Depuis fort longtemps, les turbulences de la Méditerranée constituent un authentique baromètre de la situation stratégique internationale, rythmant bien souvent l’actualité médiatique par une série ininterrompue de promesses politiques et de faits tragiques. Ces dynamiques à contre-courant qui parsèment le théâtre méditerranéen, où jamais ne s’imbriquent vertueusement les signaux d’espoir, les bonnes intentions et les urgences du quotidien, façonnent dans les esprits un spleen géopolitique régional. Et celui-ci semble désormais malheureusement plus proche d’un pessimisme de l’intelligence que de l’optimisme de la volonté. A ce titre, 2008 aura été une année sans aucune doute révélatrice de cette mélancolie méditerranéenne.
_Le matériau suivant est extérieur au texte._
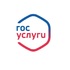 В "Госуслуги" хотят добавить функцию соцсети - с сообществами, семейными чатами и лентой новостей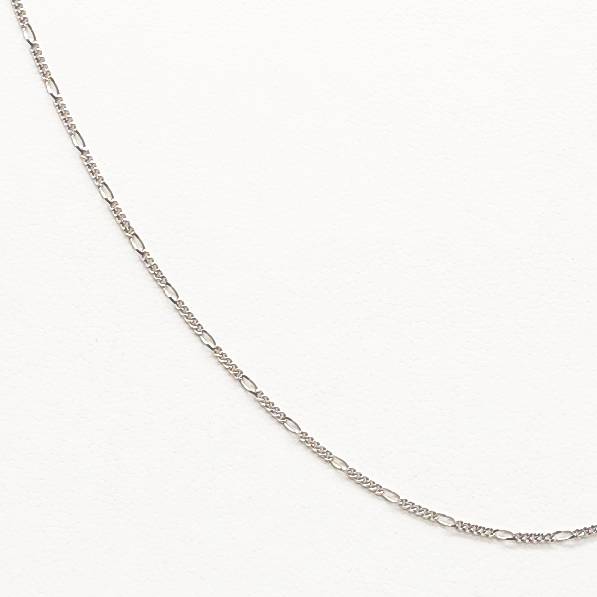 18K WG 113371 WG 16"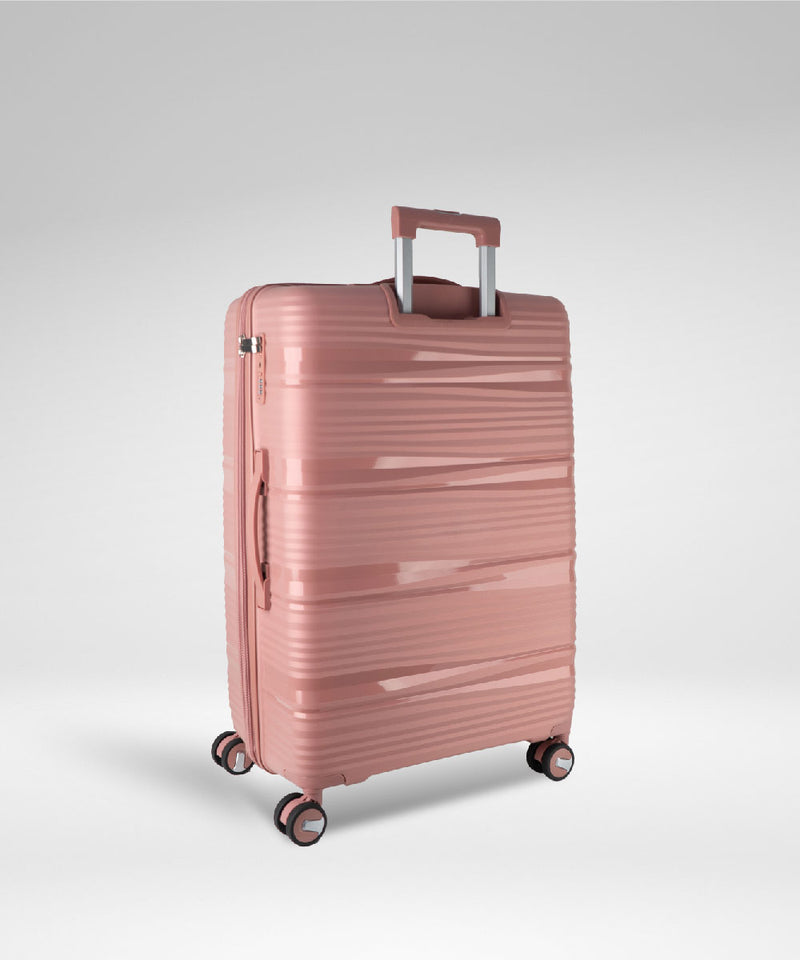 URBANlite Verge - 20"+24"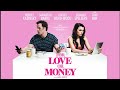 For Love Or Money (2019) | Trailer HD | Mark Murphy | Comedy Movie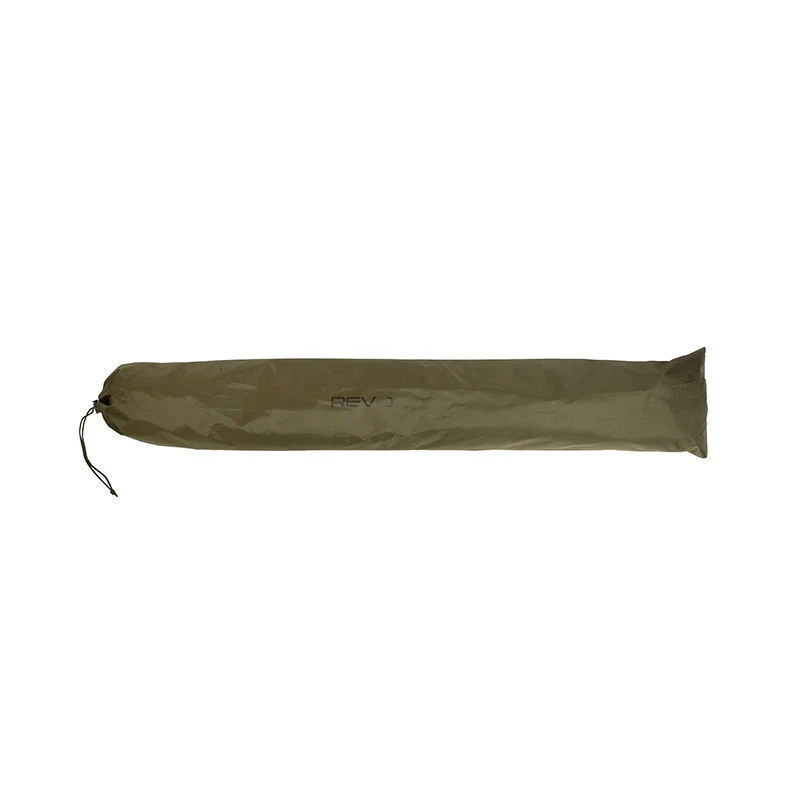 Avid Carp Revolve Floatation Slings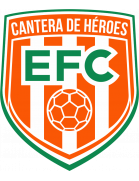 Envigado FC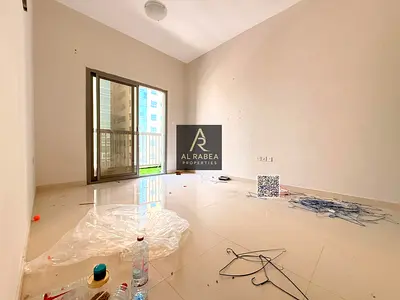 Prime location - Immediate occupancy - Second tenant - Close to all services - Easy access to Dubai exit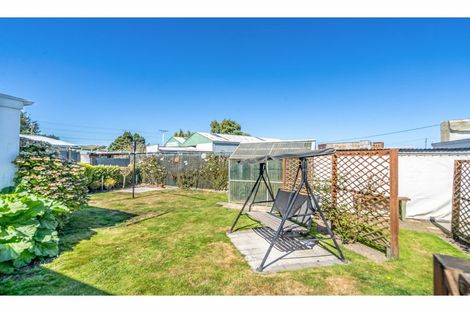 Photo of property in 22 Charlton Road, Gore, 9710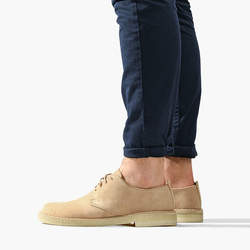 Clarks Originals Desert London 26139208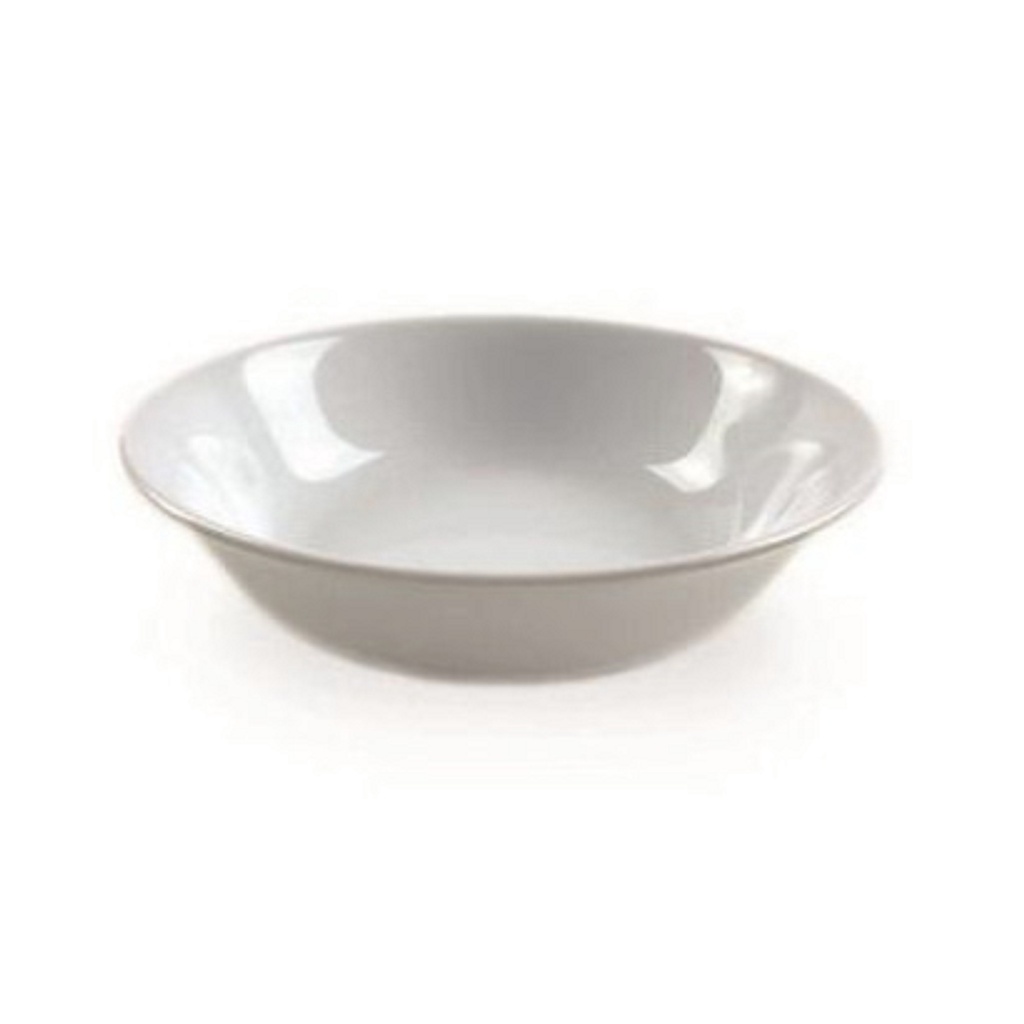 Tô Melamine 22cm Uncle Bills KM0036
On y annonçait le retour de la paix et du dialogue au Proche-Orient. On y creusait de nouveaux sillons pour la coopération euro-méditerranéenne. On y prédisait de multiples développements économiques et sociaux, car nul doute, selon certains commentateurs généreux, que cette Méditerranée ne saurait demeurer à l’écart de la mondialisation. Or, une fois encore, cette homélie méditerranéenne peine à se traduire dans des faits concrets, laissant cette impression désagréable que l’automne politique dure toujours plus longtemps que les utopies du printemps dans cette région du Monde. L’équipe de rédaction de Confluences Méditerranée, présageant que les promesses seraient à nouveau intraduisibles dans la réalité, s’est décidée avant l’été, à modifier sa planification éditoriale, pour consacrer son numéro de l’automne 2008 à ces phénomènes dissonants tout en apportant de nouvelles tonalités sur la situation de certains pays méditerranéens. (...)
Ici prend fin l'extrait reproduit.